THE World Trade Center attack that occurred 20 years ago, commemorated on Thursday in the US, still stands as the worst act of terrorism ever, with 3,000, mostly New Yorkers, killed.
But the US revenge for the attack – its wars against Afghanistan, Iraq and four Middle Eastern countries – is now being viewed as the most irrational, hubris-driven and even crime-laden violence inflicted by one country against another, in fact against six nations.
The 9/11 wars are the most shameful wars the US has waged because they were driven by bloodlust, revenge which US President George W. Bush either whipped up or to which he just let himself join the mob – for the sake of re-election. Indeed, there was no logic to invading an entire country, Afghanistan, to hunt for the 9/11 perpetrators.

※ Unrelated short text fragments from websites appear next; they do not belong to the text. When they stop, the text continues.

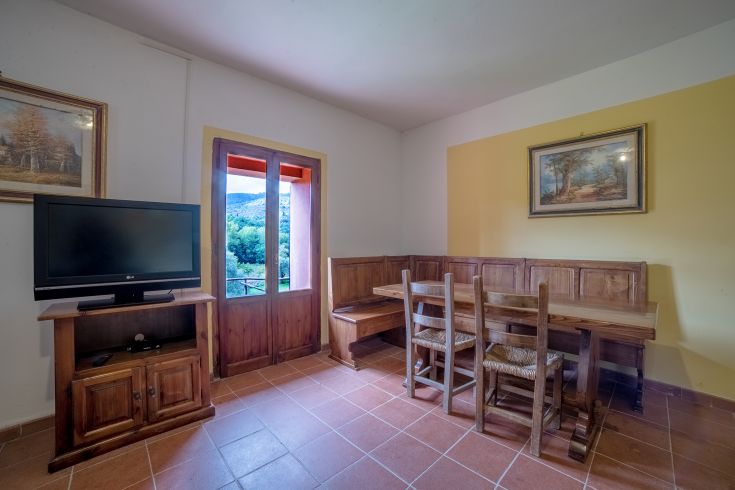 Interno di un palazzo con un tavolo in legno e uno spazio caratterizzato da una scenografia naturale fuori dalla finestra.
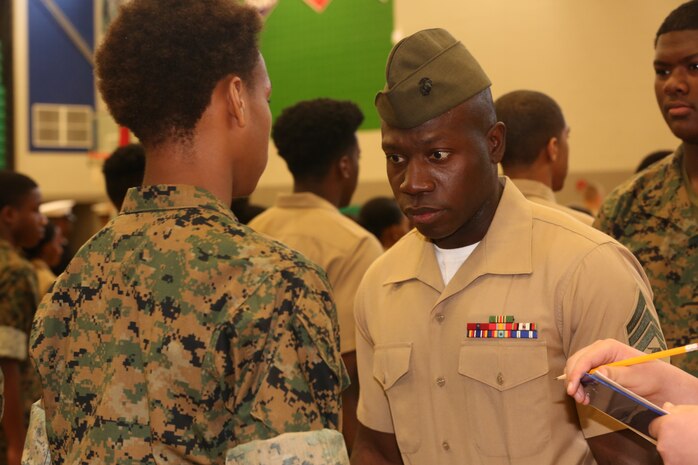 Marines and Sailors with Chemical Biological Incident Response Force, U.S. Marine Corps Forces Command, volunteered their time to conduct a JROTC uniform inspection at St. Charles High School in Waldorf, Md., April 18, 2018. During the inspection the Marines and sailors looked over the students’ uniforms, tested their military knowledge and shared their expertise with the high school students. (Official USMC Photos by Staff Sgt. Santiago G. Colon Jr.)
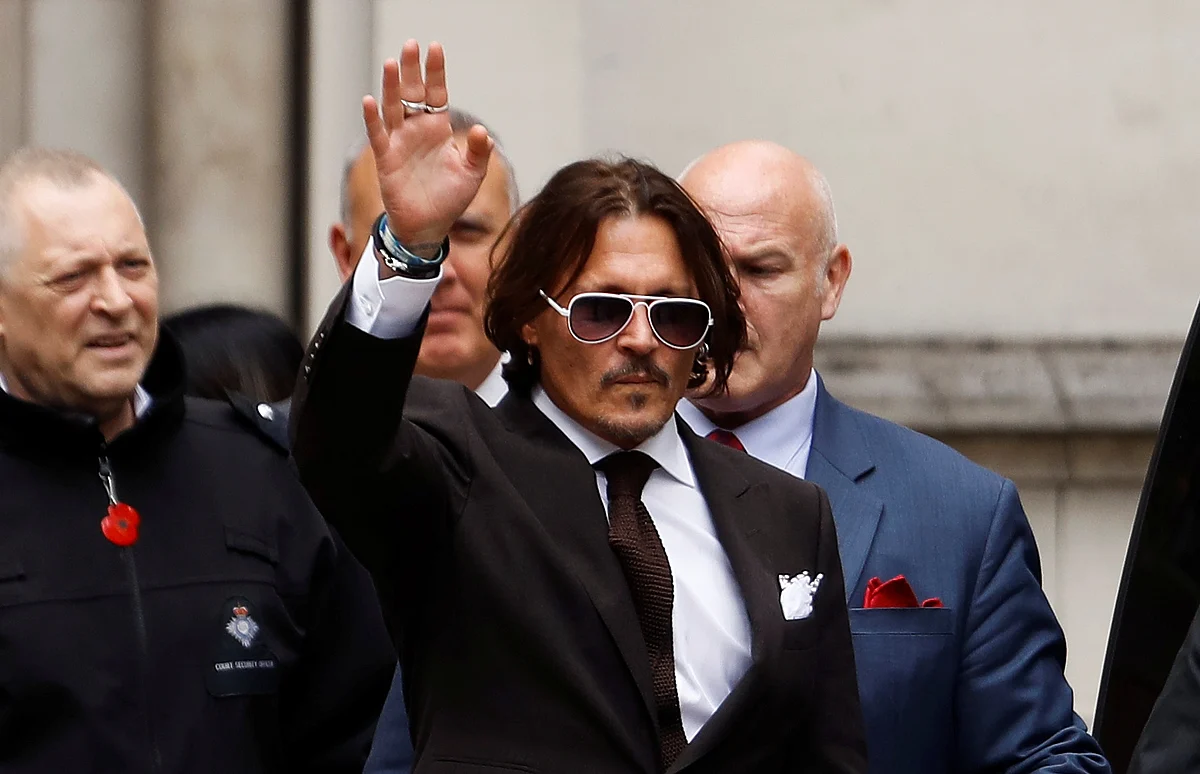 Actor Johnny Depp gestures as he leaves the High Court in London, Britain, 10 July 2020.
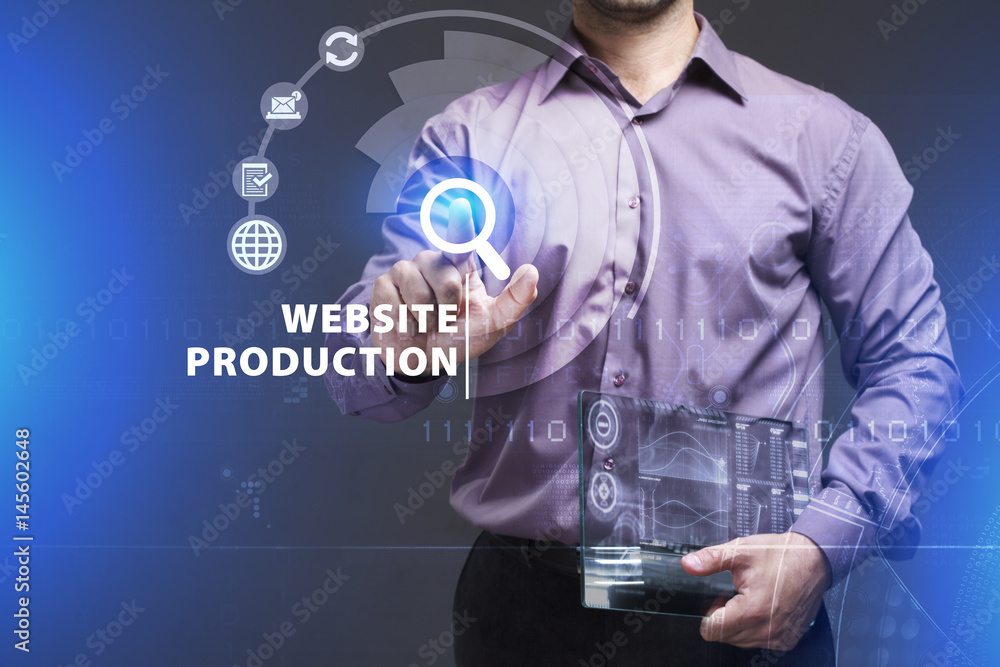 Business, Technology, Internet and network concept. Young businessman working on a virtual screen of the future and sees the inscription: Website production Business, Technology, Internet and network concept. Young businessman working on a virtual screen of the future and sees the inscription: Website production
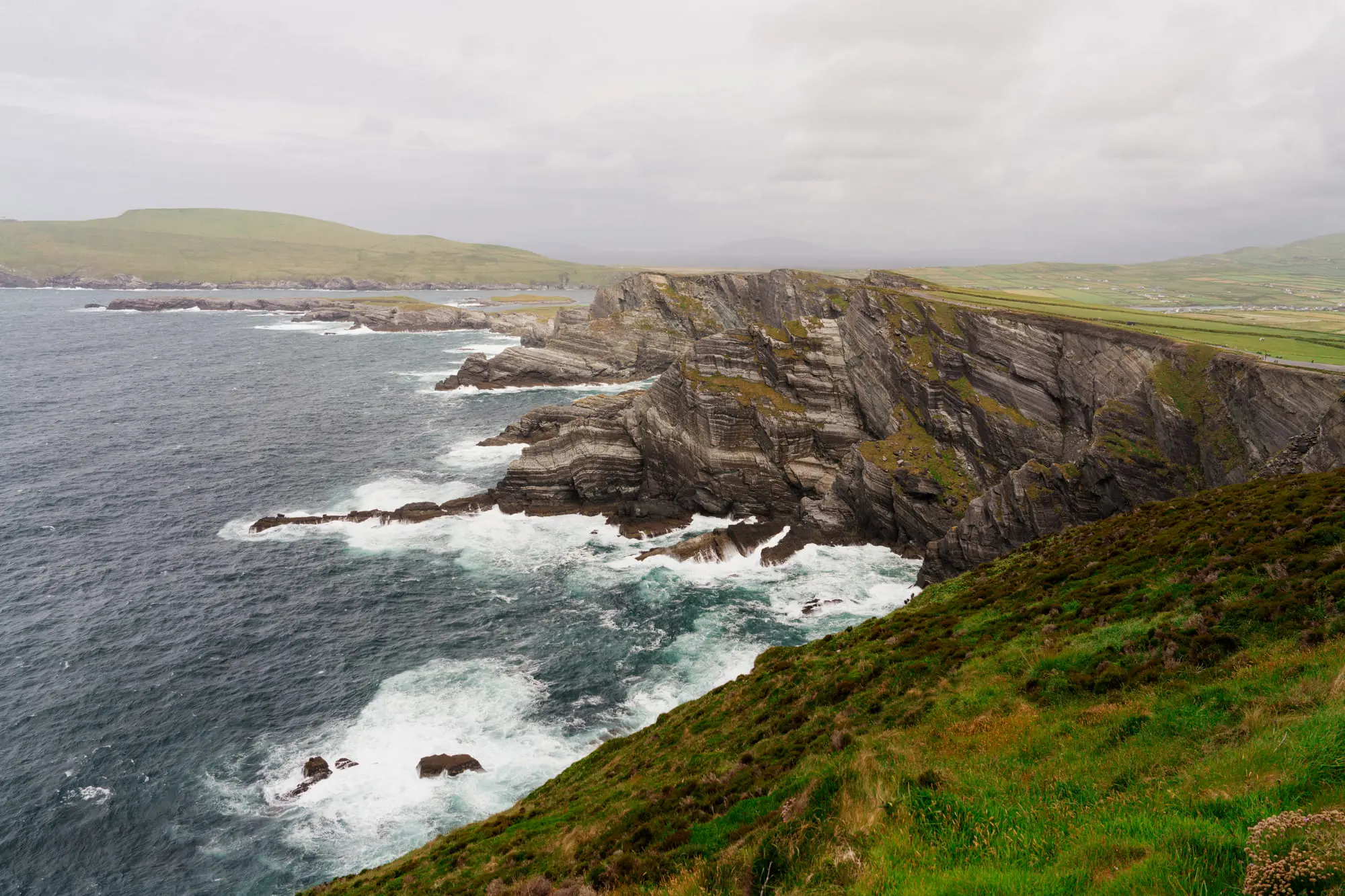 The Kerry Cliffs under a grey sky, surf breaking below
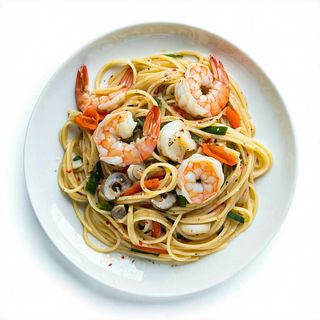 32 Spaghetti saltati con frutti di mare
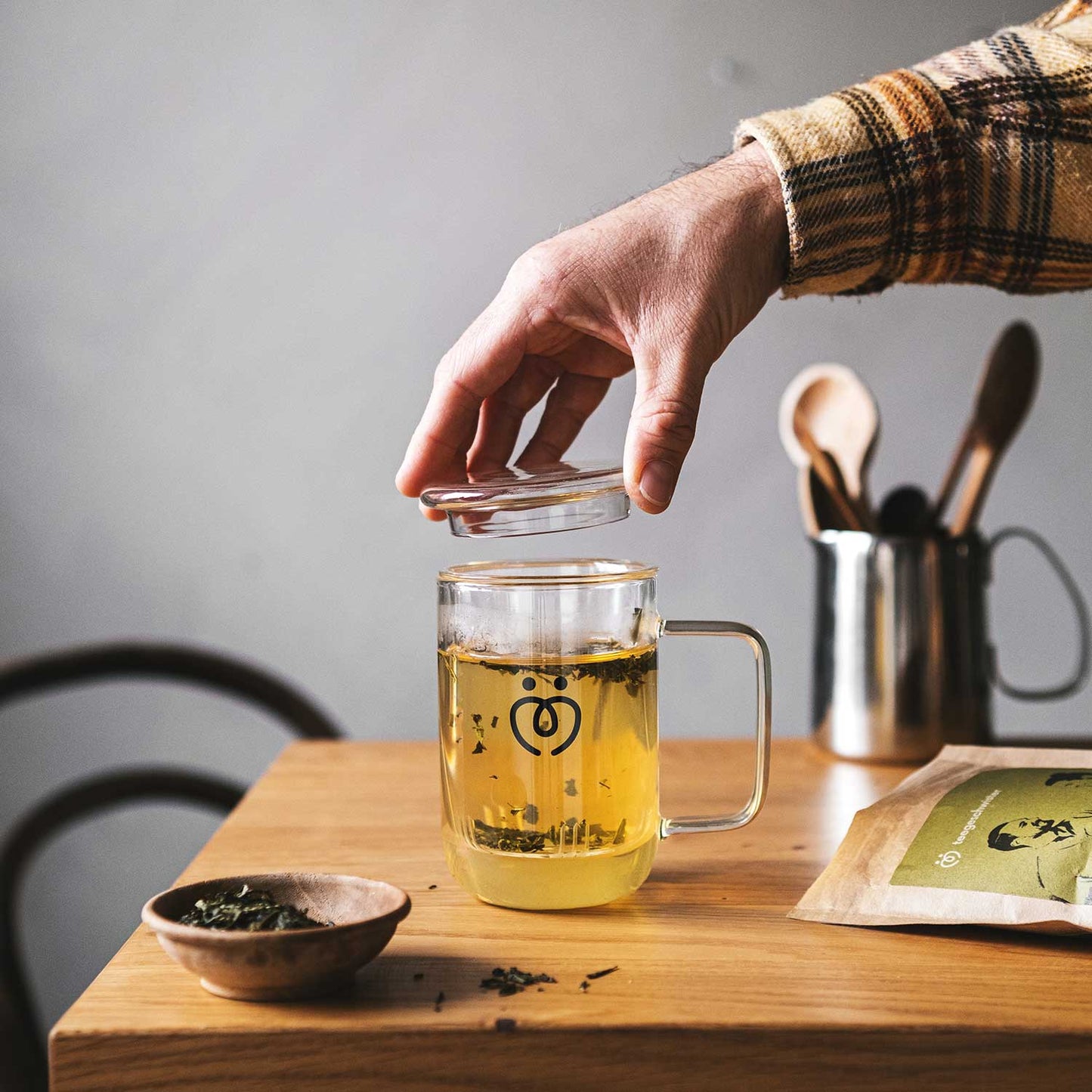 Hand hebt den Deckel des Teeglas mit Sieb an. Im Glas befindet sich Tee.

Afghanistan is a collection of tribes living in valleys surrounded by mountains. Coming from bases in Pakistan, US Special Forces could just have hunted for Osama bin Laden, the 9/11 architect and financier, and carpet-bombed by B-52 an area like the Tora Bora caves where Bin Laden had hidden. But no, that would not have satisfied US voters shrieking for blood. And where was Bin Laden found and killed in 2011? In Abbottabad, Pakistan, near a military camp.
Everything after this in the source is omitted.